Smallhouse Log

First Sunday after Epiphany

Awhile back, I made the social mistake of admitting to a certain person by the name of Lucy that I thought of his brother, myself, most of our common acquaintances, and most likely this Lucy himself as bad persons. Now, I don't remember how it came up, but it wasn't an unsolicited confession. I mean, I know a lot of bad people. "Bad person" is a pretty easy definition, and a pretty easy thing to be, of course. But I can't think that being a good person is all that hard either. But defining a good person, is that hard? Or am I just so out of touch with such a state of existence that it has become a thing difficult for me, as the particularly bad person I've become?

Now, I don't mean to make anyone be all like, "Oh, you, you're not blah, you're blah blah blah; you always blah when blah." I know I sound all angsty; I may not be fully literate, but I'm not fully illiterate, either.
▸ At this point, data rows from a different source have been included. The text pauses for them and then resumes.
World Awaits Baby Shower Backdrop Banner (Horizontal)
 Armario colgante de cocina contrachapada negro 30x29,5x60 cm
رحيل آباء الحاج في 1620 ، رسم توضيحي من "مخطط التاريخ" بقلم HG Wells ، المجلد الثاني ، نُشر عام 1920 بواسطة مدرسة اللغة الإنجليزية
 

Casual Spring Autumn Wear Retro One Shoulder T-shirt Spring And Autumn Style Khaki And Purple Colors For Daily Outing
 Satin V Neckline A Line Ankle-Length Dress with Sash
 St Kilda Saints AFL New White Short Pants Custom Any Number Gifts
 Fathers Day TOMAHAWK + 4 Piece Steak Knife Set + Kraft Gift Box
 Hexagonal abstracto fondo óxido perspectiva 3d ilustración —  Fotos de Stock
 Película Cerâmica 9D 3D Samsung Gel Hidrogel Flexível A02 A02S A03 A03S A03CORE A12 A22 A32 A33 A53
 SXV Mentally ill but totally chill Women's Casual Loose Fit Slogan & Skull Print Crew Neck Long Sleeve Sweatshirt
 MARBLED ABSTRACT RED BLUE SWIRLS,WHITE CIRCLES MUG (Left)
I don't think that tone can be avoided when one, being in a state of developement, discusses that development. Thus, editors. I don't have one.

Anyway. I've been a bad person for a very long time, and I'm not sure I'd want to be a good person -or rather, I'm pretty sure I don't want to be one- in any case. People are too squishy. I think they need to be. Whatever, I'm not an anthropologist. But.

So, I've been typing out of order. Linearity is so constraining, but, as mentioned, trying to cut back on the hyperprose. I'm going to recap.

  • People are squishy, I don't want to be one.
  • Thus, some of my anti-personal behaviors, id est, being a bad person.
  • Already a somewhat bad person, I enter college. The removal of stabilizing influences allows me to become a worse person without much effort at all. Also, I meet a lot of new bad people, the company which individuals I tend to enjoy, due to the increasingly intolerable aforementioned squishiness of people in general. Surrounding myself with those who either intentionally or inadvertently shy away from personhood...
  • Actually, ignore that last bullet point. It's a load of nonsense. I just continued to be less and less personable.
  • This failed to turn me into a transparent and cold calculating machine, however.
  • Noticing this, but being -as is a common characteristic to bad people- lazy, I did not bother to do anything except descend further away from personhood.
  • It's come to my attention that this is no longer a recap. It's another common characteristic of bad people -perhaps the most common- that they don't care about things.
  • At some point in the past half-year, I realized that being a bad person is essentially unrewarding. This seems like it should have been obvious. Perhaps it is.

So then. What to do. Attempt a different tack to becoming the Ubermensch and correct my behavior only as necessary for that, or just concentrate on changing course, even at the possible cost of [returning? entering?] full-time into the human race? There is, of course, a third option, but, well, third options are for horseshoes and hand grenades.

Maybe I've just been reading too much of Il Pricipe. But me oh my, that last section is some of the most beautiful prose I've ever seen. It's a good book.

Didn't mean to end on a downer, there. It's all Greek with me.

Comments have closed.

v responded within a day.

Just a thought, but how can you objectively lump people into good versus bad? I'm not trying to poke holes in your choice of classification, but I've tried to lump people like this before and it always causes me problems because even the people who i dislike the most aren't entirely bad. Also, ever the people who I think are absolutely wonderful have flaws and sometimes do less good things. So where do you draw that line? just wondering.
Nemo responded within 2 days.

It's more of a gradient than a one-or-the-other, but I usually draw the line around "jokes about kicking puppies" / "wears something they know for a fact to be out of style".

Patrick responded within 2 days.

I think "good person"/"bad person" isn't quite what you're getting at, since you don't simply approve of the people you call "good" and disapprove of the people you call "bad". From what I can tell, it seems like you mean to talk about how socially adept and socially content a person is with all the usual forms and contexts: for "bad person" I read "misfit"/"alienated". Is that about right?
Nemo responded within 2 days.

I'm not making the distinction "people I like"/"people I don't like" here; nor am I really talking about alienation from society. What I'm trying to mean has to do with levels of humanity, though saying someone is "less human" is even more mired with negative misinterpretation than "bad person". I guess I should have bit the twinkie, made some neologisms, and defined my terms. I'll give it another go after I read a bit of Thus Spoke Zarathustra.